Conservation Program
The 1.3 million acre Gifford Pinchot National Forest (GPNF), established in 1908 by Theodore Roosevelt, is one of the oldest national forests in the country. The GPNF is home to a wide array of natural beauty, with pockets of ancient forest, vast roadless areas and pristine creeks tumbling from craggy peaks.
Amongst that beauty lays an immense range of uses including birding, logging , mushroom picking, bough harvest, and abundant recreational opportunities like hunting, fishing, and hiking. The GPNF provides people with the chance to be connected to our land.
While the GPNF still harbors a great richness of biodiversity, it was a workhorse during the heyday of logging in the 1980’s. Logging over 600 million board feet in a single year during its peak and the construction of more than 4,000 miles of roads severely fragmented and degraded the forests, creeks and rivers. While a great need for restoration work exists on the GPNF, a network of healthy and productive areas on the GPNF remains. Protecting important biological refuges by ensuring that environmental standards are met or exceeded and new legislation are sound is always the first step in restoring ecosystems, habitats, and species. Forestlands adjacent to the GPNF also provide excellent habitat that needs to be conserved.

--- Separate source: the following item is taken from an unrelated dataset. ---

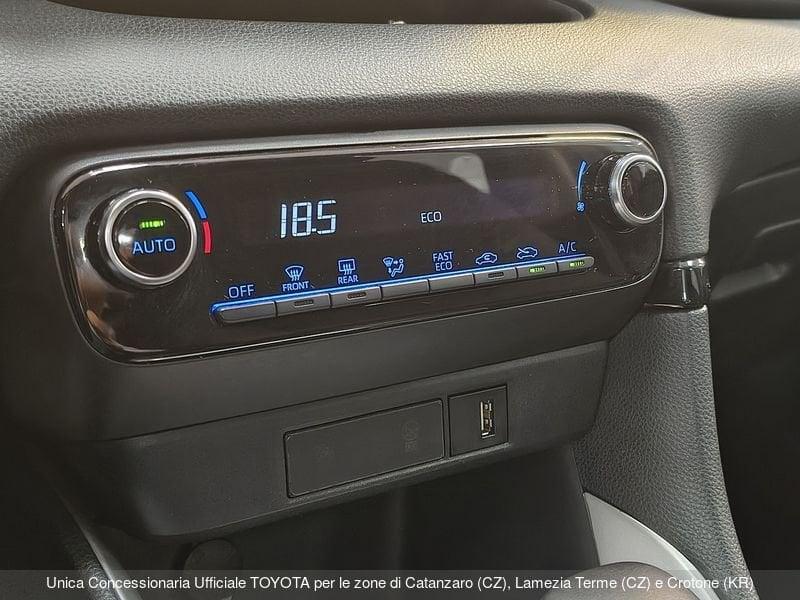 Toyota Yaris 1.5 Hybrid 5 porte Trend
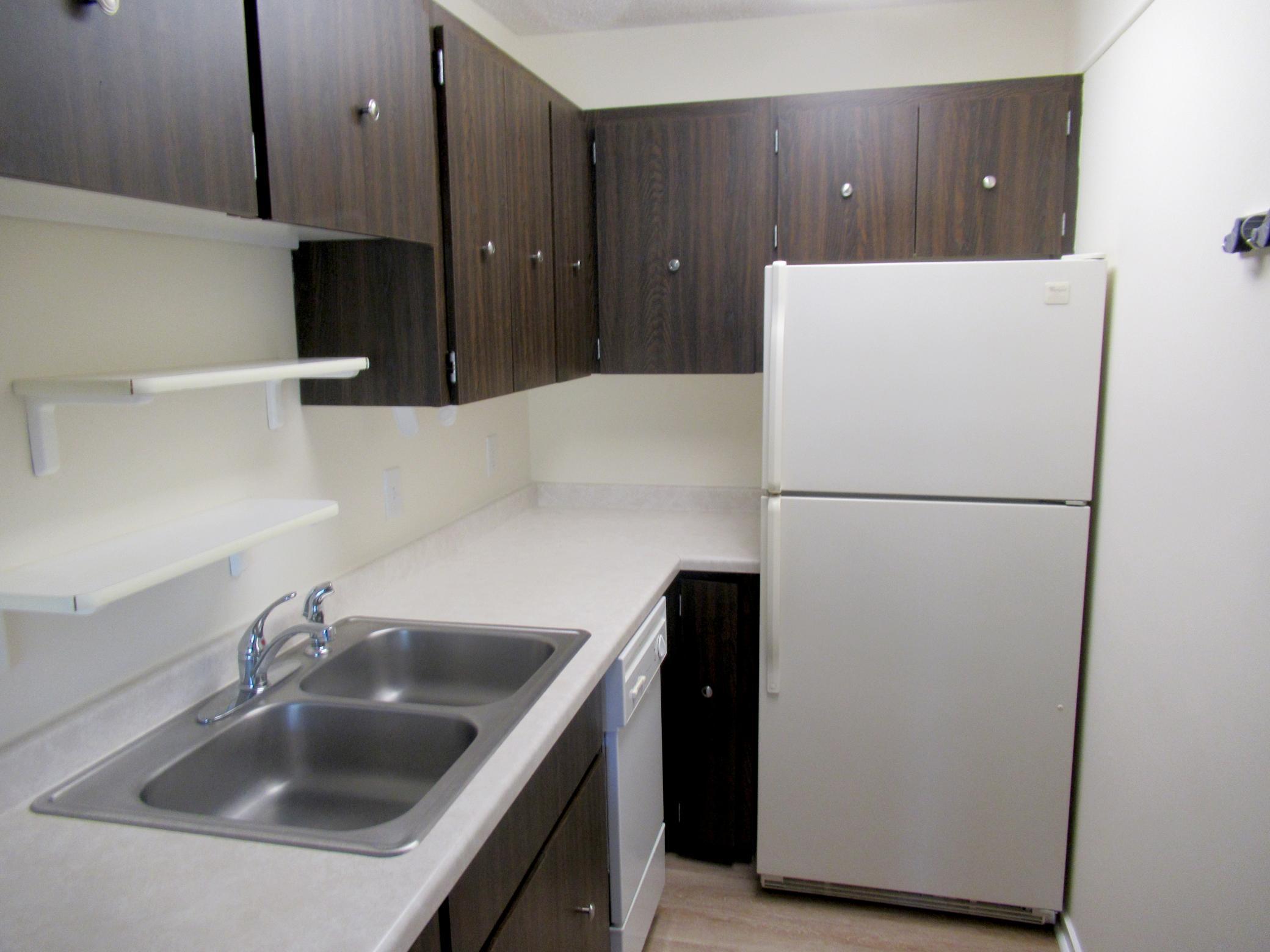 3rd image of 4100 Parklawn Ave #218, Minneapolis, MN 55435 | MLS# 7119605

- Grazing can have a dramatic affect on rare native plants, such as the pale blue-eyed grass shown here. Photo by Bob Hansen.
To recover thriving fish and wildlife populations and to protect community water sources, the Task Force continues to work to protect our public lands from destructive mining, grazing, timber practices, and more. When we act to finally protect remaining mature and ancient forests and roadless areas, we will be able to look to the future with more confidence that we can successfully restore the biodiversity and resilience of our forest and watersheds.